Rep. Jamie Raskin, who will be leading the second impeachment of Donald Trump, discussed his decision to take on that task while still suffering from the trauma of losing his son who died from suicide on New Year's Eve at the age of 25.
Raskin told CNN's Jake Tapper that he's "not going to lose my son at the end of 2020 and lose my country and my republic in 2021."
The Raskins said Tommy Raskin began experiencing depression in his 20s, something that became "a kind of relentless torture in the brain for him."
The comments on Sunday from Raskin come just days after the House moved to impeach Trump for a second time, this time charging the President with inciting a violent mob that stormed the US Capitol, an offense Raskin described as uniquely dangerous.
"This was the most serious presidential crime in the history of the United States of America.
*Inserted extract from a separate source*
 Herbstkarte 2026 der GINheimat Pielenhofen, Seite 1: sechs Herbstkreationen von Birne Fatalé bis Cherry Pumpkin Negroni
The most dangerous crime by a president ever committed against the United States," he told Tapper.
The congressman also said that House Democrats will transmit the article of impeachment to the Senate "soon," an action that will eventually result in the start of Trump's impeachment trial.
Raskin, who is one of nine House impeachment managers, also addressed his party's decision to pursue a Senate conviction of an outgoing president, arguing Trump must be held accountable for his role inciting the violent mob on January 6.
"I don't think anybody would seriously argue that we should establish a precedent where every president on the way out the door has two weeks or three weeks or four weeks to try to incite an armed insurrection against the union or organize a coup against the union, and if it succeeds, he becomes a dictator, and if it fails, he's not subject to impeachment or conviction because we just want to let bygones be bygones," he said. "I know that (House Speaker Nancy Pelosi) also considers the President a clear and present danger to the republic," Raskin said.
Trump needs to be held accountable along with his enablers, and their cries for "unity" need to be called out for what they are -- a push to wash all of this under the rug, and as Raskin said, let "bygones be bygones."